→ Required work
Where the line with "A cream and" appears below, start writing out lines exactly, and finish with the line with "New Ladies Lapel", which is included; write out nothing else.

→ Supplied entries
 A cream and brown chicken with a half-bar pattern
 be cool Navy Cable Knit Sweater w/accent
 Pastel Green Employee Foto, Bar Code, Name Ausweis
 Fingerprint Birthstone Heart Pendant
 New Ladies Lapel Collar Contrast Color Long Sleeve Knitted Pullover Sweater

...

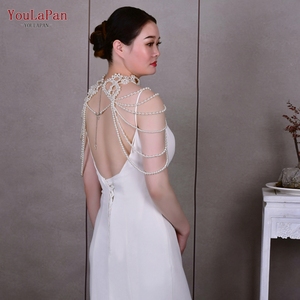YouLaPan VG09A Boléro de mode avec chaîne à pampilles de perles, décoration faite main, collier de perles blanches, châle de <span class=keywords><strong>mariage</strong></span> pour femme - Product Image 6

→ Answer section
 A cream and brown chicken with a half-bar pattern
 be cool Navy Cable Knit Sweater w/accent
 Pastel Green Employee Foto, Bar Code, Name Ausweis
 Fingerprint Birthstone Heart Pendant
 New Ladies Lapel Collar Contrast Color Long Sleeve Knitted Pullover Sweater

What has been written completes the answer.